Any disagreements that may arise in scientific or programmatic matters (within the scope of the award) between award recipients and the NIH may be brought to Dispute Resolution. A Dispute Resolution Panel composed of three members will be convened. It will have three members: a designee of the Steering Committee chosen without NIH staff voting, one NIH designee, and a third designee with expertise in the relevant area who is chosen by the other two; in the case of individual disagreement, the first member may be chosen by the individual awardee. This special dispute resolution procedure does not alter the awardee's right to appeal an adverse action that is otherwise appealable in accordance with PHS regulation 42 CFR Part 50, Subpart D and DHHS regulation 45 CFR Part 16.

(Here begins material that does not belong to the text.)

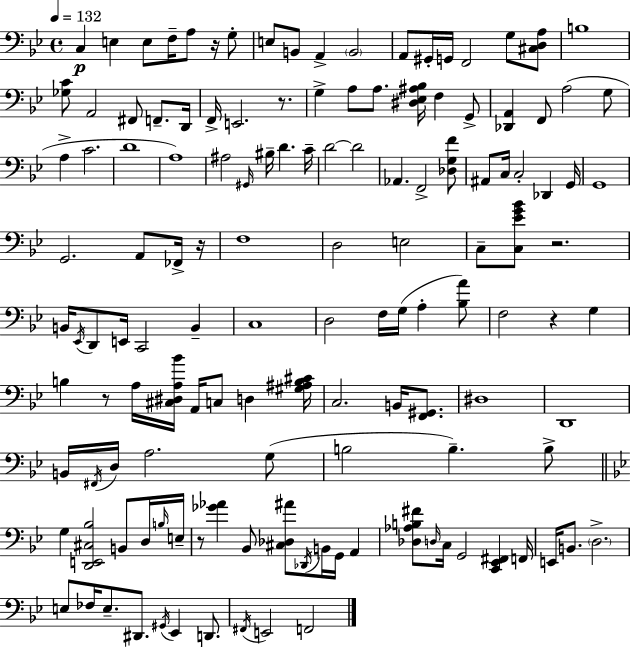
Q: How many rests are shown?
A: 7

When multiple years are involved, awardees will be required to submit the Non-Competing Continuation Grant Progress Report (PHS 2590) annually and financial statements as required in the NIH Grants Policy Statement.

A final progress report, invention statement, and Financial Status Report are required when an award is relinquished when a recipient changes institutions or when an award is terminated.

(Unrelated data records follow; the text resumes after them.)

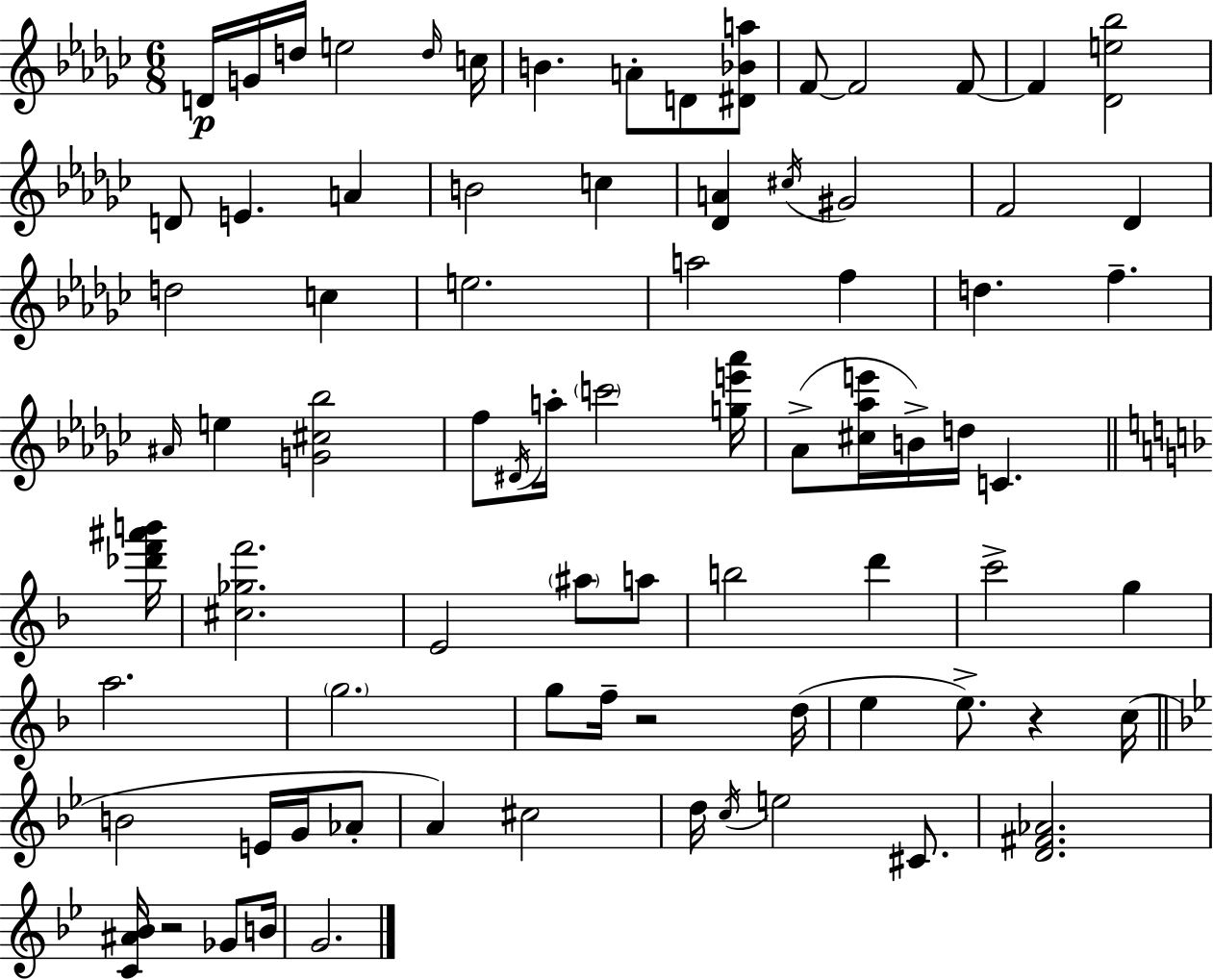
{
  \clef treble
  \numericTimeSignature
  \time 6/8
  \key ees \minor
  d'16\p g'16 d''16 e''2 \grace { d''16 } | c''16 b'4. a'8-. d'8 <dis' bes' a''>8 | f'8~~ f'2 f'8~~ | f'4 <des' e'' bes''>2 | \break d'8 e'4. a'4 | b'2 c''4 | <des' a'>4 \acciaccatura { cis''16 } gis'2 | f'2 des'4 | \break d''2 c''4 | e''2. | a''2 f''4 | d''4. f''4.-- | \break \grace { ais'16 } e''4 <g' cis'' bes''>2 | f''8 \acciaccatura { dis'16 } a''16-. \parenthesize c'''2 | <g'' e''' aes'''>16 aes'8->( <cis'' aes'' e'''>16 b'16->) d''16 c'4. | \bar "||" \break \key d \minor <des''' f''' ais''' b'''>16 <cis'' ges'' f'''>2. | e'2 \parenthesize ais''8 a''8 | b''2 d'''4 | c'''2-> g''4 | \break a''2. | \parenthesize g''2. | g''8 f''16-- r2 | d''16( e''4 e''8.->) r4 | \break c''16( \bar "||" \break \key bes \major b'2 e'16 g'16 aes'8-. | a'4) cis''2 | d''16 \acciaccatura { c''16 } e''2 cis'8. | <d' fis' aes'>2. | \break <c' ais' bes'>16 r2 ges'8 | b'16 g'2. | \bar "|."
}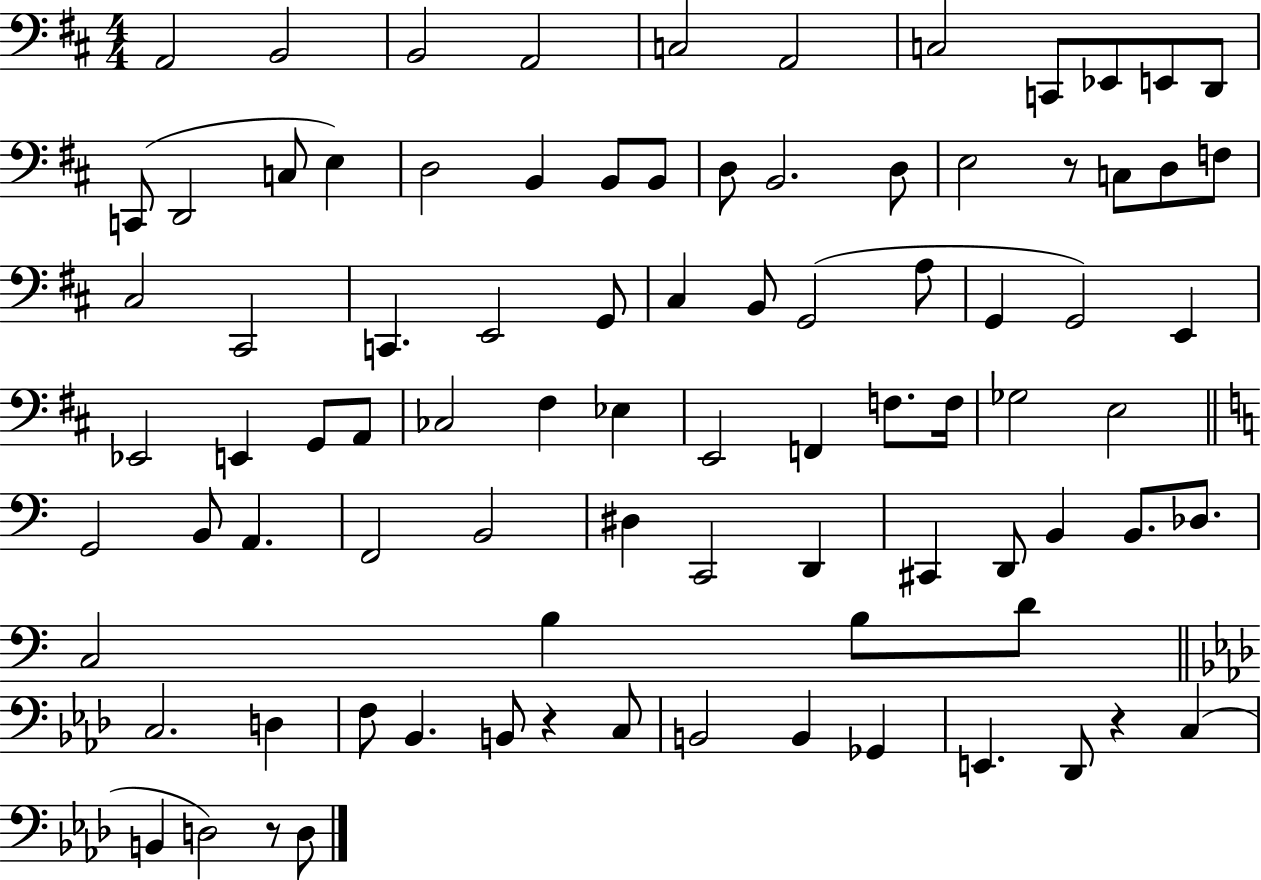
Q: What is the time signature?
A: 4/4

The Federal Funding Accountability and Transparency Act of 2006 (Transparency Act), includes a requirement for awardees of Federal grants to report information about first-tier subawards and executive compensation under Federal assistance awards issued in FY2011 or later. All awardees of applicable NIH grants and cooperative agreements are required to report to the Federal Subaward Reporting System (FSRS) available at www.FSRS.gov on all subawards over $25,000. See the NIH Grants Policy Statement for additional information on this reporting requirement.

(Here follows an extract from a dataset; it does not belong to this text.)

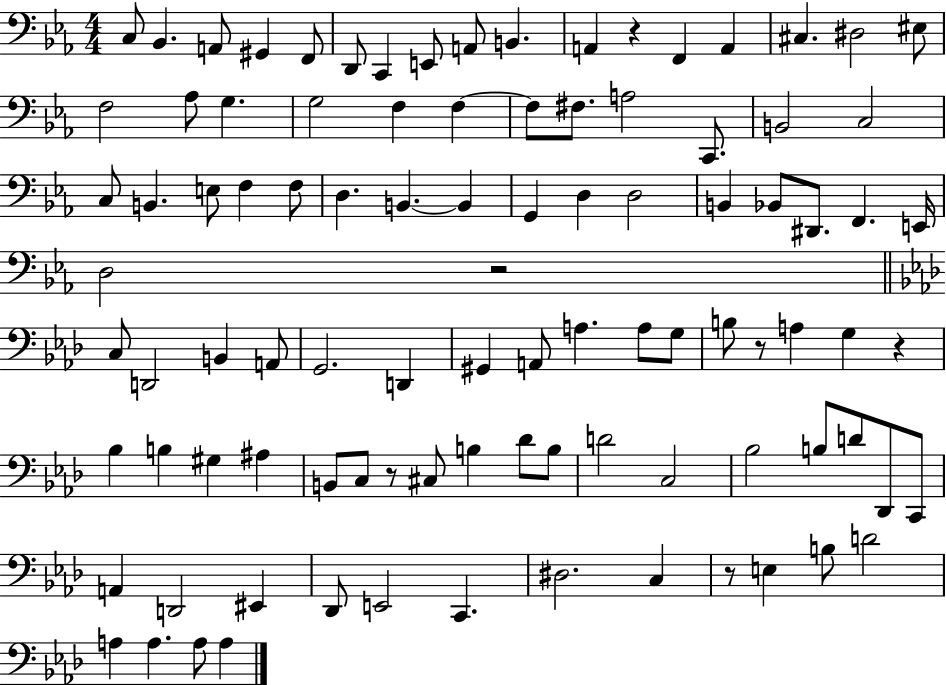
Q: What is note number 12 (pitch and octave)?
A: F2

We encourage inquiries concerning this funding opportunity and welcome the opportunity to answer questions from potential applicants.

GrantsInfo (Questions regarding application instructions and process, finding NIH grant resources)
Telephone 301-710-0267
TTY 301-451-5936
Email: GrantsInfo@nih.gov

eRA Commons Help Desk(Questions regarding eRA Commons registration, tracking application status, post submission issues)
Phone: 301-402-7469 or 866-504-9552 (Toll Free)
TTY: 301-451-5939
Email: commons@od.nih.gov

Adam L. Felsenfeld, Ph.D.
National Human Genome Research Institute()
Telephone: 301-496-7531
Email:adam_felsenfeld@nih.gov

Joseph D. Mosca, Ph.D., M.B.A.
Center for Scientific Review
National Institutes of Health
Phone: 301 408-9465
E-mail: moscajos@csr.nih.gov).

Cheryl Chick
Grants Management Branch()
Telephone: 301- 496-7531
Email: chickc@mail.nih.gov

Recently issued trans-NIH policy notices may affect your application submission. A full list of policy notices published by NIH is provided in the NIH Guide for Grants and Contracts. All awards are subject to the terms and conditions, cost principles, and other considerations described in the NIH Grants Policy Statement.

Awards are made under the authorization of Sections 301 and 405 of the Public Health Service Act as amended (42 USC 241 and 284) and under Federal Regulations 42 CFR Part 52 and 45 CFR Parts 74 and 92.